• Required action:
Return all lines in the material below that contain "Vintage".

• Data for the task:

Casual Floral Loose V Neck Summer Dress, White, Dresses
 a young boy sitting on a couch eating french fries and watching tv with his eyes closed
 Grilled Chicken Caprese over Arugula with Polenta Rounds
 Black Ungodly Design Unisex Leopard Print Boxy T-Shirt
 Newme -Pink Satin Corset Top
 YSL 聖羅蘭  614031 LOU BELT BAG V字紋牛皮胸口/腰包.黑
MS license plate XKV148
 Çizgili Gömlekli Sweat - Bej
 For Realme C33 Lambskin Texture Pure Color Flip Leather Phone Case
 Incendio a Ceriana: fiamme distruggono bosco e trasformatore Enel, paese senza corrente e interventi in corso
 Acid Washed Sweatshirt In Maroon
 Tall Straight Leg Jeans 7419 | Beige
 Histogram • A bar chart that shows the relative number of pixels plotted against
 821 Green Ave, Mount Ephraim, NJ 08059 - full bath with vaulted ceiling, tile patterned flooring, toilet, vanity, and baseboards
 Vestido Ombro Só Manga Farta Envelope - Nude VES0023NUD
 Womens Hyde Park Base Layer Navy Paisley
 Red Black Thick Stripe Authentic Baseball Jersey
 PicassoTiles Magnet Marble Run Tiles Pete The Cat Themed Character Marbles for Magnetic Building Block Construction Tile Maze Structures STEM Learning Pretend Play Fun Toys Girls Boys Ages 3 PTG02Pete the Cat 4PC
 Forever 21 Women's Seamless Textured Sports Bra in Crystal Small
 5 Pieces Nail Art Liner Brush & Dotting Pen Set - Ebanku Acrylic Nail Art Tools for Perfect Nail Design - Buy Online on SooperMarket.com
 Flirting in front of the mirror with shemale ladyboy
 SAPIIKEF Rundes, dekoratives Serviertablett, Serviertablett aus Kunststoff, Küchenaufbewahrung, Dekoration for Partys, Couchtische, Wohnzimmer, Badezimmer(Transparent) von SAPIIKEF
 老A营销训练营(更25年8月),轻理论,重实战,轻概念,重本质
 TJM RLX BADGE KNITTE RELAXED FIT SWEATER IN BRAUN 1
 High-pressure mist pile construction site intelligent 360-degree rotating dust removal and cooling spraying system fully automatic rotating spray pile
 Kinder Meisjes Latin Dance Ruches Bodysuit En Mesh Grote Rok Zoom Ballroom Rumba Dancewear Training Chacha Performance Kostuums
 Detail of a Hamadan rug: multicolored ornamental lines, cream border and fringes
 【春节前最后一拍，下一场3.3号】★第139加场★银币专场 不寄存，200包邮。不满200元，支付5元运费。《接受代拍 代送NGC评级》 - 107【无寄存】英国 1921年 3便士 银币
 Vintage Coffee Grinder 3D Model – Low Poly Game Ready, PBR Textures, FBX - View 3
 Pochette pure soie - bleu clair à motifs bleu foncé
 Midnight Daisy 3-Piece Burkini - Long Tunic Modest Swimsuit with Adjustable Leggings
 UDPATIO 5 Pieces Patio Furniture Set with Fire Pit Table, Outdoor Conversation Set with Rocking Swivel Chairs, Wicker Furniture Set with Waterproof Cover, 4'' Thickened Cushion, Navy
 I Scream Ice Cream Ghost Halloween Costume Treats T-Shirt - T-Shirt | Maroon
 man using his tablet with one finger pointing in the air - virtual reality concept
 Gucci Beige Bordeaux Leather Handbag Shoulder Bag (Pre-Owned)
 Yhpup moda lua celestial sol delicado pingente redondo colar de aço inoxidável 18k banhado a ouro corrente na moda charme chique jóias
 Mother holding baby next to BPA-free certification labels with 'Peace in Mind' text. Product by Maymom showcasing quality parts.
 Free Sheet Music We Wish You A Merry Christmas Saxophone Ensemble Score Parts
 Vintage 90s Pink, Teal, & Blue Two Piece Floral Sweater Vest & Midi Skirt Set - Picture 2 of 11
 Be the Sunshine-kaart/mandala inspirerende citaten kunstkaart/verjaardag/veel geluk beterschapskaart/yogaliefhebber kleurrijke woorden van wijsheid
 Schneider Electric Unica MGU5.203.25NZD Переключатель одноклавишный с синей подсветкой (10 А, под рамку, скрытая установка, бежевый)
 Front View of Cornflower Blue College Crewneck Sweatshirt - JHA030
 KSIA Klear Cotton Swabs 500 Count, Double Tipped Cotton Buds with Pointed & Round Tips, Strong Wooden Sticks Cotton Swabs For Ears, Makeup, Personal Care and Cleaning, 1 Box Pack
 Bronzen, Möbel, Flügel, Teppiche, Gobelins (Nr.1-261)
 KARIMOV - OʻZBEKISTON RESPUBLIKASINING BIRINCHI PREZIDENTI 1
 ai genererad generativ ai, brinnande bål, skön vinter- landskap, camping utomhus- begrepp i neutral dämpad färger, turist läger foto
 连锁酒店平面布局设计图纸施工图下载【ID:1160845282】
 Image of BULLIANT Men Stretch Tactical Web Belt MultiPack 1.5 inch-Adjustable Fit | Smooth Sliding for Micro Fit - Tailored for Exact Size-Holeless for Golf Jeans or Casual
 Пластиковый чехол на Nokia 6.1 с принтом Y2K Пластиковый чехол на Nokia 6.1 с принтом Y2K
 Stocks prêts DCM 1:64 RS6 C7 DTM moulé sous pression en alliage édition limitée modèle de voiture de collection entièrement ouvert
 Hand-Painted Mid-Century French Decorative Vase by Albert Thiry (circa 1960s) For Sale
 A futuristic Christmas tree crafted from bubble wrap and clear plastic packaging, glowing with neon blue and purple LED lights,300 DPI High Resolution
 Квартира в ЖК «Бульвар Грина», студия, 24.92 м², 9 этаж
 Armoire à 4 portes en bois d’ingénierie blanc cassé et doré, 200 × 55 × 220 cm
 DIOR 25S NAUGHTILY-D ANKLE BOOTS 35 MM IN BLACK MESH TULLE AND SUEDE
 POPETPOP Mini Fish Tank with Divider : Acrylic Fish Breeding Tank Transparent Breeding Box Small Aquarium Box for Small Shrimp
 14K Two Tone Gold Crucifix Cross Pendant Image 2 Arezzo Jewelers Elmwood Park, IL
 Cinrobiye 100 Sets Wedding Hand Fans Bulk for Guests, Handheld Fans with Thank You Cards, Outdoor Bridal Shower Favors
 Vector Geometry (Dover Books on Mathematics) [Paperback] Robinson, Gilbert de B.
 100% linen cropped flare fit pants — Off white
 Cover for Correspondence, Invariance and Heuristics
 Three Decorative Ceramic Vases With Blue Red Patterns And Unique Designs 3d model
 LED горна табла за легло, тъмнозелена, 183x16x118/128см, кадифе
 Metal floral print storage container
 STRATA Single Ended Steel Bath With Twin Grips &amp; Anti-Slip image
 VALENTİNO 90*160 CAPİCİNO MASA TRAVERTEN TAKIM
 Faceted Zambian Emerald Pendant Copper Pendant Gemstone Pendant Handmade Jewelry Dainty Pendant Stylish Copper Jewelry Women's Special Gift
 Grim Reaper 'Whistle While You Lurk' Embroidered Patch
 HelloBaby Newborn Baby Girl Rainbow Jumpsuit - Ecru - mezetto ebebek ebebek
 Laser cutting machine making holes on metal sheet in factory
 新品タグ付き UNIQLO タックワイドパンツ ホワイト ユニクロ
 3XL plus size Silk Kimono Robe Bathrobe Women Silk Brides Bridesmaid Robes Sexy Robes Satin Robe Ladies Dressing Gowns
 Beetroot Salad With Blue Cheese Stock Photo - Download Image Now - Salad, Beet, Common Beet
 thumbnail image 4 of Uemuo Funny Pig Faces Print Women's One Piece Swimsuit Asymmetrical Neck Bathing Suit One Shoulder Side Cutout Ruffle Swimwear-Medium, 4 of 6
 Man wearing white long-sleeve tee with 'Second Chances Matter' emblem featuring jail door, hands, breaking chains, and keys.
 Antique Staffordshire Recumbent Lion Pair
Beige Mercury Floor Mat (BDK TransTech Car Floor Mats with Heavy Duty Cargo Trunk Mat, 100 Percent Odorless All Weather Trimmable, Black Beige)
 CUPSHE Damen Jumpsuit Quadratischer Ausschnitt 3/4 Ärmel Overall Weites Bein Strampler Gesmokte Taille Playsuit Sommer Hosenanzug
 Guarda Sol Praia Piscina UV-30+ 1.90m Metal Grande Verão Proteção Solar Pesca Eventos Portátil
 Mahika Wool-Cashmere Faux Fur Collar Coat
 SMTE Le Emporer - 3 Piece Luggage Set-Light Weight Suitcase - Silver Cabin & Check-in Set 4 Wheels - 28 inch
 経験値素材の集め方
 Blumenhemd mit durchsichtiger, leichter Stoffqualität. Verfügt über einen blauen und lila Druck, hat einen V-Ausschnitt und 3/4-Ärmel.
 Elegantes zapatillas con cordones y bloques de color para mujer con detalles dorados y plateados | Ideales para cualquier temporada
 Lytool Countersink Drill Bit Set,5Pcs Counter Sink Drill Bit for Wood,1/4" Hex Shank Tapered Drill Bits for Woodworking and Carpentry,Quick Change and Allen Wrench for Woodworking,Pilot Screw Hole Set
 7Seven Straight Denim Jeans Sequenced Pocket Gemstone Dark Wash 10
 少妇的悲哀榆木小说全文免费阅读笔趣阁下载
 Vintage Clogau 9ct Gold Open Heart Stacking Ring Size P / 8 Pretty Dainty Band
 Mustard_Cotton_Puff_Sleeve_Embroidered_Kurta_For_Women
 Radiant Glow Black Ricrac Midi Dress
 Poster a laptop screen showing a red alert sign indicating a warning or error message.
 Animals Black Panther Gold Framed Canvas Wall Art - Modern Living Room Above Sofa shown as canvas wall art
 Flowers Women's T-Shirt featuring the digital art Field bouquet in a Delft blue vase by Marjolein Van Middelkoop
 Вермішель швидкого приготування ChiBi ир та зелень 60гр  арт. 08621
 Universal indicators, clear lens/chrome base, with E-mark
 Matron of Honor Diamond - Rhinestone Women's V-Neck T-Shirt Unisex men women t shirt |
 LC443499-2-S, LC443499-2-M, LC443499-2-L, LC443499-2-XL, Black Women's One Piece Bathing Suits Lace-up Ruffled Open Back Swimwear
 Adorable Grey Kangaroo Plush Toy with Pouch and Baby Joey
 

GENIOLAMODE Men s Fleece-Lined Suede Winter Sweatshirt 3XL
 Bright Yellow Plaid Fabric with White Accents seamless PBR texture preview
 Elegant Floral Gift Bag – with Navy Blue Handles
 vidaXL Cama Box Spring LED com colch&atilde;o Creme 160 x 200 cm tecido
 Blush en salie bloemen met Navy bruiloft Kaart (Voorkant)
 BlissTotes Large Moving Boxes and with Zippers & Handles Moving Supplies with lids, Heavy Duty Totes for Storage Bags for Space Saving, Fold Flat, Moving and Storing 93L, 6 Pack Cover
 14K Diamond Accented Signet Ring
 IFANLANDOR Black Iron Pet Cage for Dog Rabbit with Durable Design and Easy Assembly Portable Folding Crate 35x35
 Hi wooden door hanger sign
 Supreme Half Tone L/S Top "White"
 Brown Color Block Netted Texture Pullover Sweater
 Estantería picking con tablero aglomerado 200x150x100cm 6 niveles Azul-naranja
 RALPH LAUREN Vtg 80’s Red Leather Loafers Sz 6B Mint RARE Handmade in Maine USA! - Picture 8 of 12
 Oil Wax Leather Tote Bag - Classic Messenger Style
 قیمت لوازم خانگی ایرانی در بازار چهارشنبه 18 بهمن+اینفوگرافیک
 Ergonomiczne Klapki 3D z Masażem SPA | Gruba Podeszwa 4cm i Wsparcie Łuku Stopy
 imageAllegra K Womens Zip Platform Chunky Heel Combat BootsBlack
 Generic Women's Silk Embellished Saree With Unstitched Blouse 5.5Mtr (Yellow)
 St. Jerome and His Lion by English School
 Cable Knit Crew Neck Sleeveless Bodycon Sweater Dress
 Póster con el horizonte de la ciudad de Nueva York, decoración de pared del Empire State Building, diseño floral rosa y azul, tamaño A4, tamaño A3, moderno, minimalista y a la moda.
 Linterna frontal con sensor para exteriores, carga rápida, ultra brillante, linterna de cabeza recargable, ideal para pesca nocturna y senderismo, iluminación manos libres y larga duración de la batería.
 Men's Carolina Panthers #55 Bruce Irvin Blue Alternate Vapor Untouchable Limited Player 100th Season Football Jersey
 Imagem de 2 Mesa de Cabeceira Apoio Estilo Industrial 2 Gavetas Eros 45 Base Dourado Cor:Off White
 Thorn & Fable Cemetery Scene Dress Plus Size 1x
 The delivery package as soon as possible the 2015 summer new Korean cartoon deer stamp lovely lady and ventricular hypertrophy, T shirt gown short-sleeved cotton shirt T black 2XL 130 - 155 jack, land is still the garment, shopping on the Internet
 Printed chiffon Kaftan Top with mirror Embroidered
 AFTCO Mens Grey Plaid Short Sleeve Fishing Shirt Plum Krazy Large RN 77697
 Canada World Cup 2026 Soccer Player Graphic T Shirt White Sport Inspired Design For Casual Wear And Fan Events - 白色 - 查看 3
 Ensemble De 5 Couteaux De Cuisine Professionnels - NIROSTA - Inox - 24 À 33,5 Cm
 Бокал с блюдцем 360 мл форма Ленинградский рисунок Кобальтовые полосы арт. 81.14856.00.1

• Reply:
 Vintage Coffee Grinder 3D Model – Low Poly Game Ready, PBR Textures, FBX - View 3
 Vintage 90s Pink, Teal, & Blue Two Piece Floral Sweater Vest & Midi Skirt Set - Picture 2 of 11
 Vintage Clogau 9ct Gold Open Heart Stacking Ring Size P / 8 Pretty Dainty Band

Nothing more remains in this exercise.